ARGENTINA AND HUMAN RIGHTS
For the Argentine State, human rights are one of the fundamental pillars of its foreign policy since the return of democracy. The promotion and protection of human rights cuts across all public policies and includes the main concerns of Argentine society.
This is the result of Argentina’s long history and international prestige in the field of human rights. These are a fundamental part of our identity as a nation, from the eradication of impunity in relation to crimes against humanity and its reflection in institutions, legal norms and public policies to the expansion of fundamental rights for the whole society.
Our country’s leadership at regional and international levels is reflected in many initiatives, with transcendental contributions to the progressive development of international human rights law and international humanitarian law.
Some of Argentina’s contributions that position it as a leading country in the field of fundamental rights are its initiatives in the prevention of genocide and other crimes, the teaching and memory of the Holocaust as a means of preventing mass crimes, the elaboration of normative developments in the field of forced disappearance of persons, the right to truth and the use of genetic forensics in the field of human rights, among other issues.

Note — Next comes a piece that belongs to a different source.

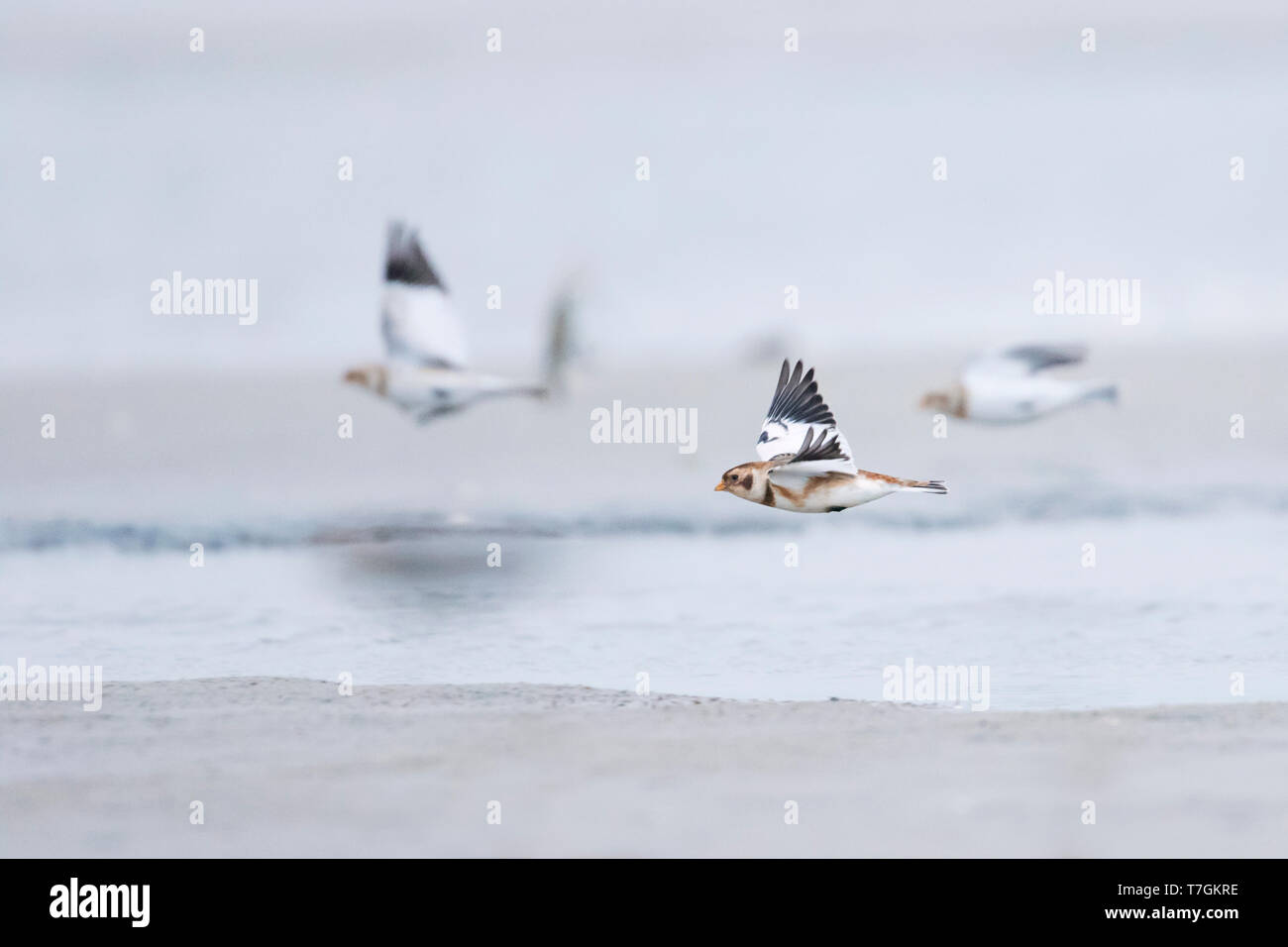 Tre Buntings Neve (Plectrophenax nivalis nivalis) volando sopra una spiaggia su un tedesco Isola di Wadden durante la migrazione di autunno. Foto Stock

Argentina currently presides the United Nations Human Rights Council and works through its institutions and mechanisms to achieve fairer, more diverse and inclusive societies. At regional level, Argentina has incorporated the Inter-American Human Rights System into its National Constitution since 1994 and considers it a tool for institutional improvement and the development of its laws and legal system.
The national agenda for the protection and promotion of human rights includes several topics and areas that will be part of the World Forum on Human Rights, such as the rights of people and groups in situations of vulnerability and/or historically discriminated groups, children, LGBTIQ people, Afro-descendants, indigenous peoples, the elderly, people with disabilities, migrants and refugees, among others. Social inclusion policies focused on respect for economic, social and cultural rights, as well as the fight against discrimination, are also a priority to Argentina.
In the fortieth anniversary year since the return to democracy in our country and with the participation of more than ninety countries, hundreds of civil society organizations from around the world and thousands of activists and citizens, the World Forum on Human Rights will update the diagnosis of the situation on the main challenges for the promotion and protection of human rights in the world.